Земля эта состояла из множества низких островов, образовывавших вместе большой риф. Другой такой же риф находился дальше к северу.. Мы взяли курс к самому южному острову. В 11 часов, когда мы находились еще на расстоянии морской мили от берега, оттуда нам навстречу отошло каноэ. Хотя в нем сидели только два человека, они совершенно спокойно гребли к нам, но, увидев, что корабля им не догнать, вернулись к берегу. Бросалась в глаза разница в поведении этих островитян и тех нелюдимых дикарей, с которыми мы познакомились незадолго до того. Мы могли убедиться наглядно, что сии острова по праву заслуживают названия островов Дружбы.
После полудня ветер ослабел, а ночью установился полный штиль. За это время течением нас поднесло так близко к рифу, что мы боялись на него наскочить. Но утром подул легкий ветерок, и скоро мы удалились от опасного места.
На следующий день мы прошли между рифами и низкими островами, образовавшими окружность, внутри которой море было совершенно тихое и гладкое. Эти острова были несколько повыше обычных коралловых; лес и группы деревьев придавали им очаровательный вид. Похоже, что на этих островах вообще ни в чем не было недостатка и что они довольно густо населены, ибо на берегу под деревьями уже виднелось несколько хижин. На восточной стороне одного из этих островов находился белый отвесный утес; на нем можно было различить как будто горизонтальные слои. Издалека он напоминал бастион разрушенного замка и имел вид тем более живописный, что внизу порос низким кустарником и высокими пальмами.
К полудню ветер утих, и островитяне воспользовались этим. В разных местах были спущены на воду каноэ. Хотя корабль находился от них в доброй морской миле, некоторые гребли так резво, что через час уже приблизились к нам. Подойдя к кораблю на расстояние примерно ружейного выстрела, они стали что-то выкрикивать и под эти возгласы подплывали все ближе.

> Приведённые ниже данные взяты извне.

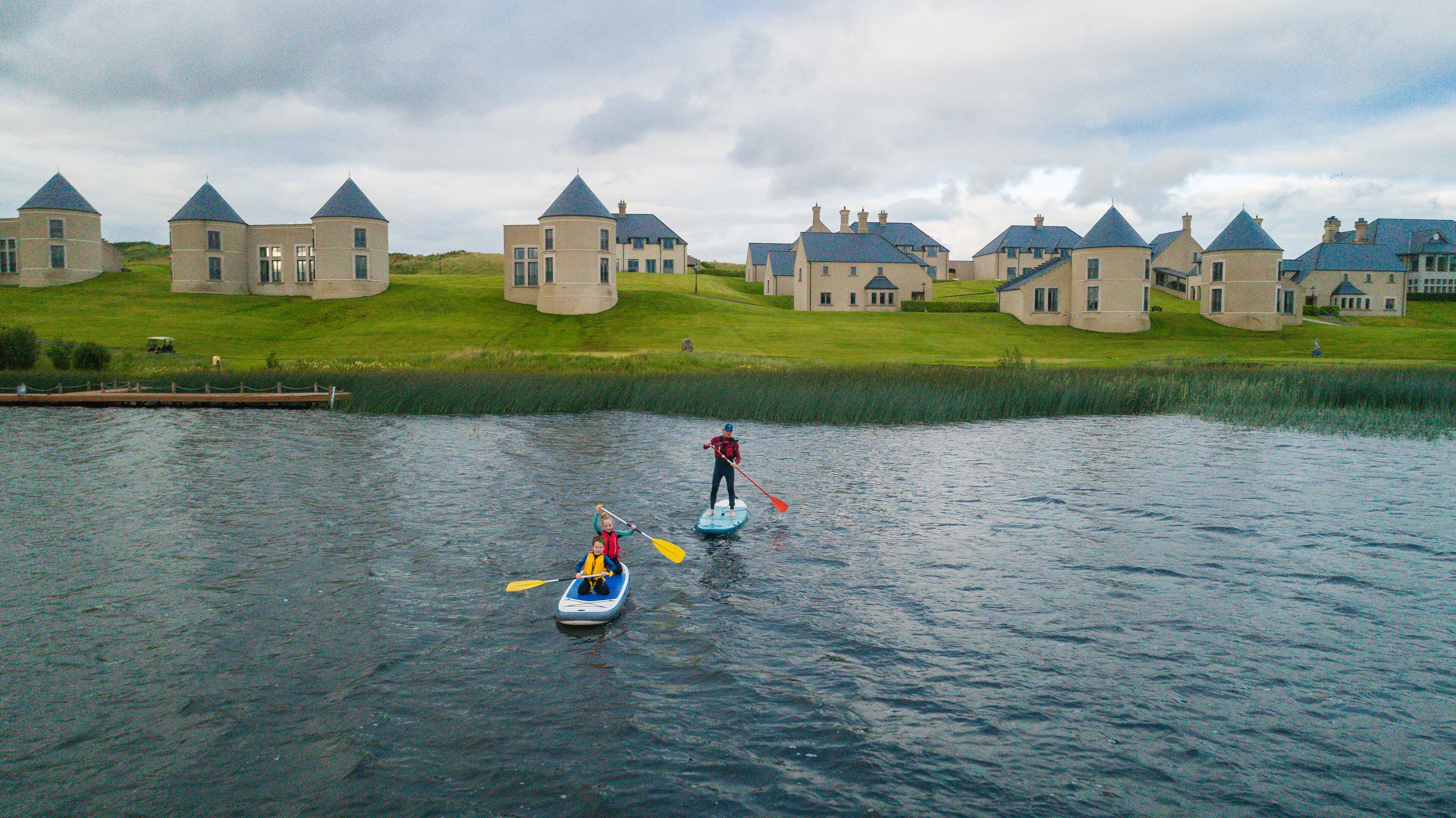 A lake with paddle boats, surrounded by houses with distinctive towers.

В первом каноэ находились три человека, по виду совершенно похожих на жителей Эа-Уве [Эуа] и Тонгатабу (оба эти острова мы посетили в октябре 1773 года). Как только они подошли к кораблю, мы спустили им на бечевке бусы и гвозди. Они в ответ незамедлительно отправили на палубу связку бананов и несколько отменно вкусных пампельмусов (Shaddocks, или Citrus decumanus). К сему подарку была присовокуплена также ветка, полная красных плодов пальмового ореха, или пандануса (Athrodactylis), которые здесь, на островах Дружбы считаются символом мира. Таким образом, предварительные переговоры были как бы закончены, после чего они продали нам весь свой запас пампельмусов и других плодов, а потом и сами поднялись на борт.

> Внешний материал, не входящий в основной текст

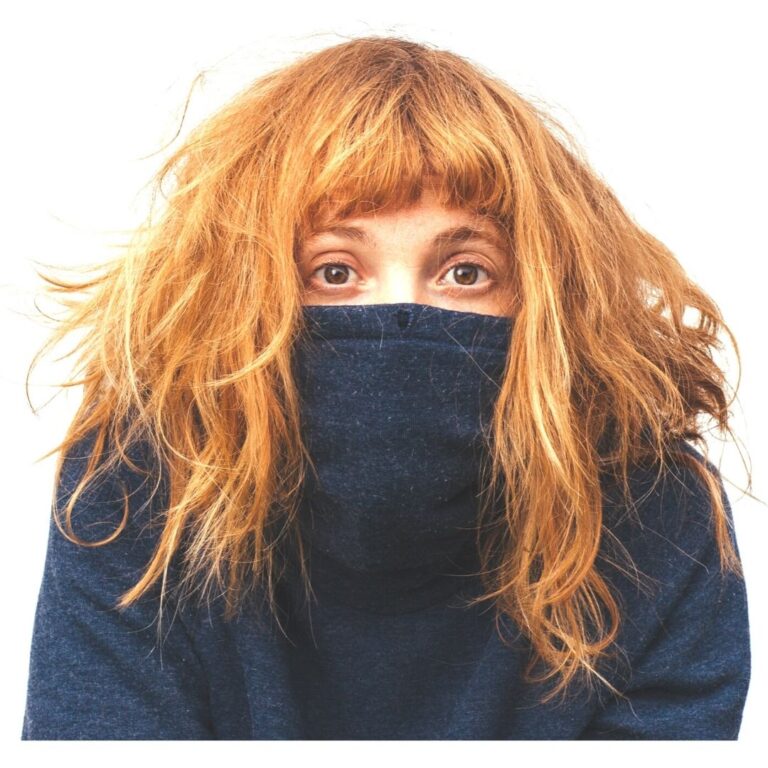 a red headed girl in a black turtleneck shirt with the neck pulled up over her chin and nose and nervous eyes.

Тем временем подоспели и другие каноэ. Туземцы отдавали нам свои товары с таким доверием, словно мы были знакомы давным-давно. Они сообщили названия всех соседних островов. Остров с высокими скалами назывался Терре-фечеа [Телекивавау], другой, чей вид показался нам таким живописным, они называли Тонумеа. Оба находились к востоку от нас; к западу же лежали острова Манго-нуэ и Манго-ити (Большой и Малый Манго), а к юго-западу — Намокка-нуэ и Намокка-ити (Большой и Малый Намокка). Первый из них Тасман наименовал также островом Роттердам.
После полудня опять подул ветер, и мы сразу поплыли к Намокке как к наиболее крупному острову. Чем ближе мы к нему подходили, тем больше каноэ приветствовало нас. Они спешили от окрестных островов с плодами, рыбой, поросятами и меняли все это на гвозди и старые тряпки.